Pourtant le spectacle démarre nerveusement. Une pantomime illustre la fièvre urbaine. Des gens courent de tous côtés, avant de s’entasser dans un autobus. Plongée dans sa lecture, une fille nous incite à "fixer les regards des autres pour mieux les pénétrer". Elle est interrompue brutalement par un homme excédé : il ne supporte pas qu’elle lise son "torchon" à haute voix. Or, les autres passagers le confirment, elle n’a pas ouvert la bouche. C’est ainsi que Max découvre qu’il entend les pensées des autres.
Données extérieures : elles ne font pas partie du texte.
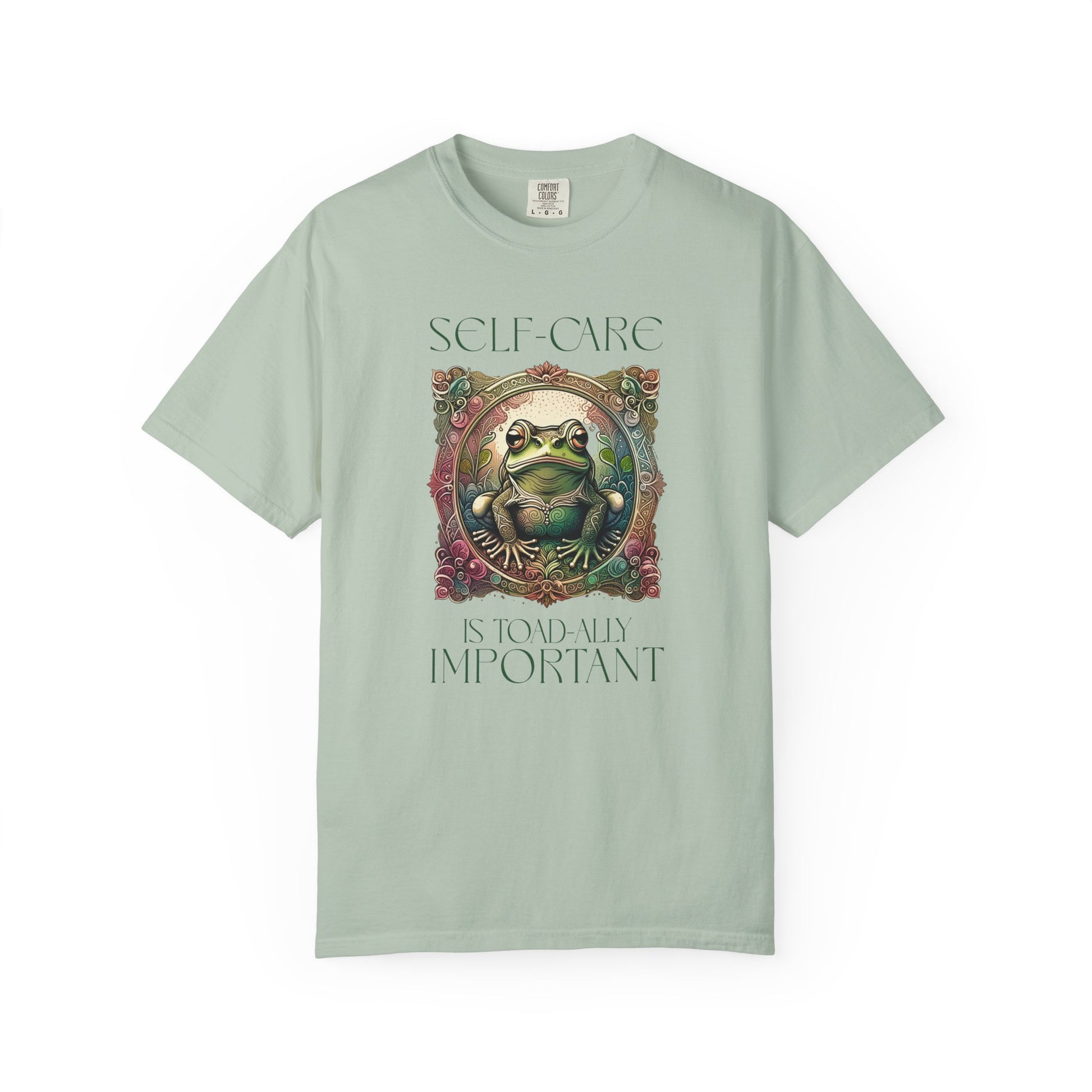 Green Yoga Frog Self-Care Is Toad-ally Important Unisex T-Shirt, Casual Wear, Highlander Fan Gift, T-Shirt Printify Bay S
Cette faculté, qui menace son identité, l’angoisse. Il craint la schizophrénie et cherche du réconfort chez un ami féru de spiritualité chinoise ou chez sa mère, une vieille baba cool. En vain. Sa femme exaspérée lui confirme sèchement sa volonté de rompre. Rendue célèbre par un feuilleton télévisé, cette Ariane Letendre est une actrice sympathique, qui signe avec plaisir des autographes. Son ambition artistique ne la détourne pas des autres. Contrairement à Max, qui, selon elle, est un comédien condamné au chômage par son égocentrisme. Maintenant que les questions, les doutes, les rêves des autres l’envahissent, comment rester lui-même, pour... interpréter des rôles ?
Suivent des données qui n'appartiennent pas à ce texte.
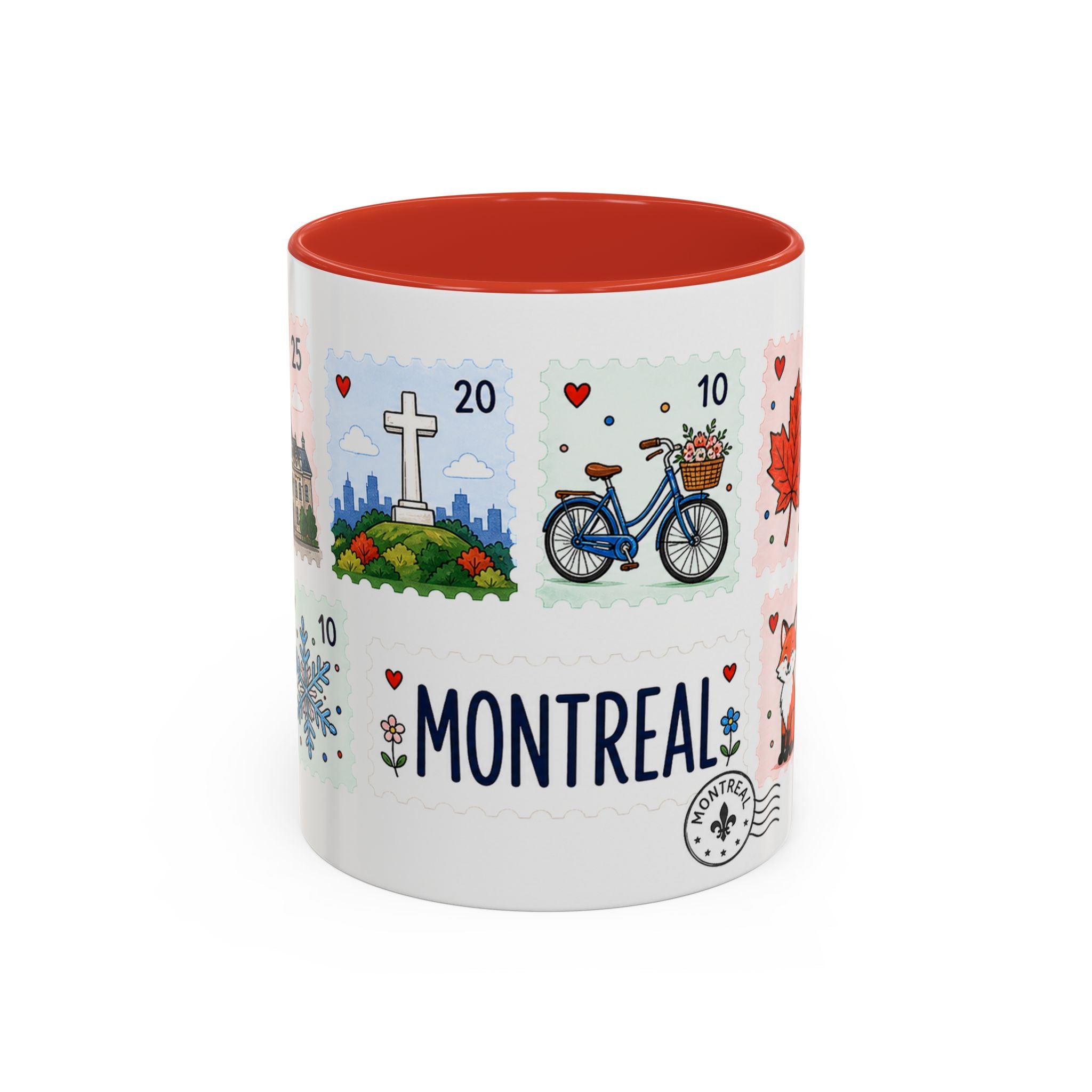 Montreal Coffee Mug | Postage Stamp Collage Mug | Travel Souvenir Accent Cup 11oz 15oz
Plusieurs personnages récurrents relaient Max, pour témoigner de leur difficulté à briser leur solitude. Crevant de jalousie devant son succès, la voisine d’Ariane Letendre prend sa place et n’hésite pas à enfiler sa chemise de nuit, à lire son courrier. Un surdoué de huit ans impressionne par ses jugements lucides sur le comportement des adultes. Une femme est tentée d’annuler son premier rendez-vous, pour continuer à être convoitée par quelqu’un. C’est grâce à des monologues prenants, interprétés avec sensibilité par Emilienne Tempels, Sophie Jonniaux et Mirabelle Santkin, que l’on perçoit les failles de ces électrons libres.
Certaines scènes joyeuses exaltent la convivialité. Ainsi des spectateurs sont invités à participer à une partie de tennis et plus tard à venir danser sur le plateau. La ferme où l’on dit merci aux lapins, avant de les tuer et la chanson "Let the sunshine in" nous replongent dans l’ambiance "peace and love". Malheureusement quelques séquences nébuleuses ou sans intérêt alourdissent le spectacle, gênent sa progression et incitent certains comédiens à forcer le trait. Jeu caricatural à l’opposé de celui d’Olivier Coyette, qui incarne Max avec sobriété et un certain détachement. "Désordre public" (un titre difficile à justifier !) propose de beaux moments de théâtre mais aussi des trous d’air. Davantage de rigueur aurait rendu cet éloge de l’empathie plus convaincant.